Apa yang dikatakan oleh Prabowo Subianto sah sah saja dan benar adanya, masalahnya bukan soal sah tidaknya atau benar tidaknya tapi soal RASA.
Apa jadinya ketika seorang yang dianggap sebagai" pemimpin" oposisi kemudian bergabung dengan penguasa lalu meninggalkan begitu saja yang" dipimpinnya ".
Itulah yang sedang dihadapi oleh barisan" oposisi" saat ini dengan segala macam kontroversi yang mengiringinya.

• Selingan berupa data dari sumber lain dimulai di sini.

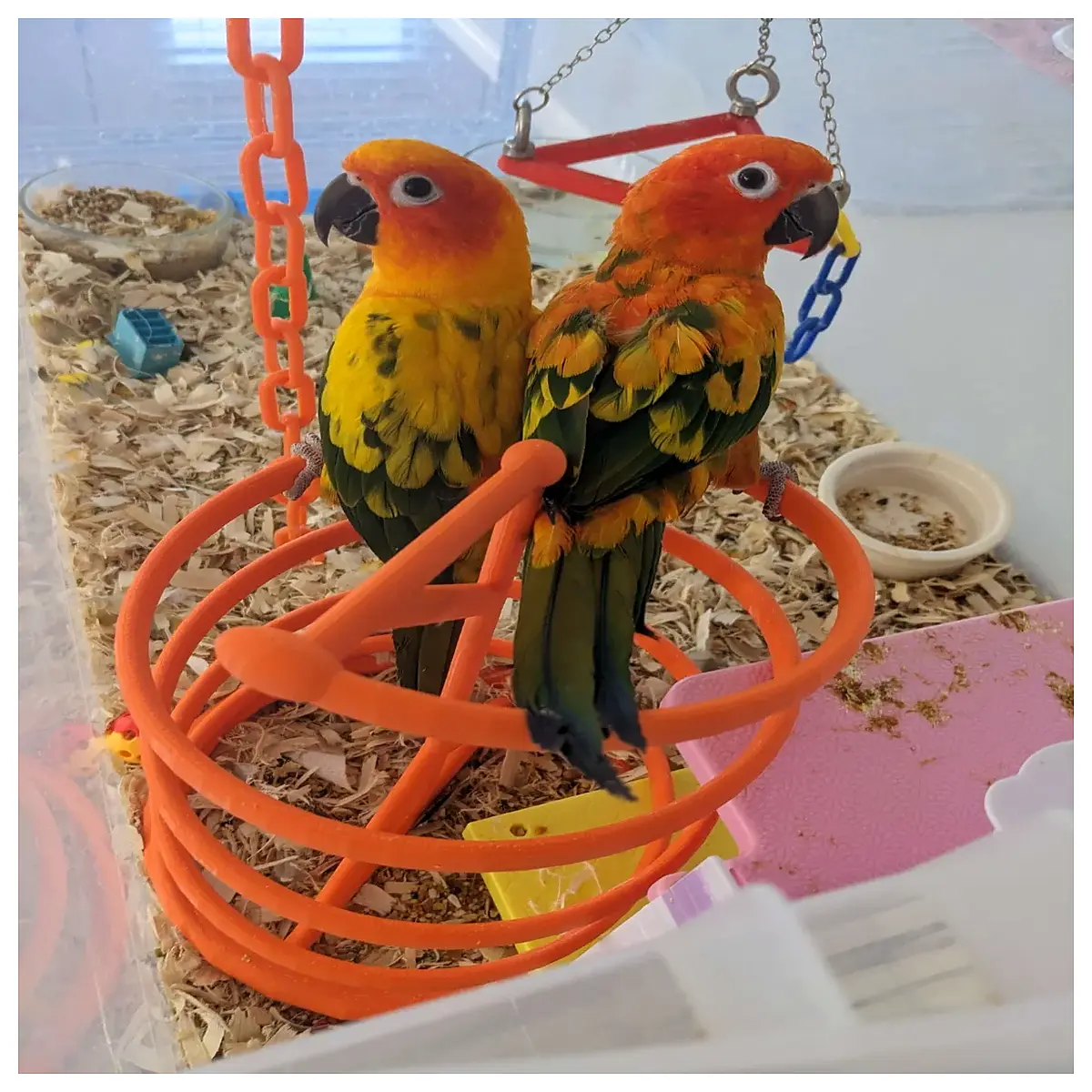 cute bird squeaky toy for dogs small breed interactive plush pet plaything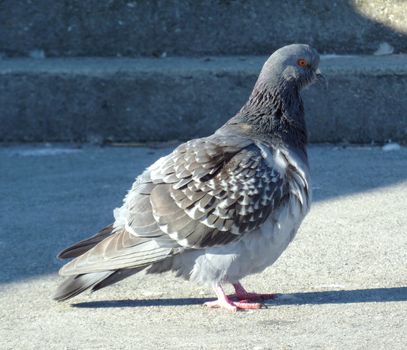 Grey pigeon standing on the city pavement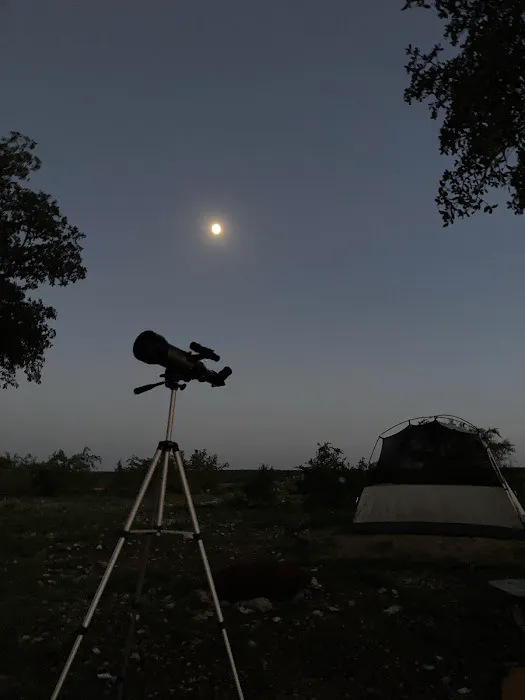 Phrog and Munkey camping Picture 3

Pertanyaan besarnya adalah apakah sebanding antara manfaat yang diperoleh oleh Prabowo Subianto lewat bergabungnya ybs kedalam kubu penguasa dibandingkan dengan ditinggalkan oleh para pendukungnya lengkap dengan sumpah serapahnya??.
Bila dihitung secara" nominal " berapa yang bisa diperoleh dengan bergabungnya ybs kedalam kubu penguasa dan disaat yang bersamaan berapa kerugian yang dialami akibat ditinggalkan oleh para pendukungnya??.
Nasi sudah jadi bubur, tapi bukan berarti Prabowo Subianto kehilangan kesempatan untuk menuju RI satu.
Mengapa?? Karena di Indonesia ini yang menang bisa dibikin kalah dan yang kalah bisa dibikin menang.
Semua itu tergantung dari para " dalang" yang mengendalikan Indonesia saat ini.
Indonesia saat ini membutuhkan tipe pemimpin yang bisa mengakomodir beragam kepentingan.
Para pemangku kepentingan bisa duduk bersama untuk mendapatkan titik temu yang bisa diterima oleh semua pihak.
Harapannya jelas kebutuhan minimal dari masyarakat terpenuhi dan disaat yang bersamaan kepentingan para pengusaha juga terakomodir.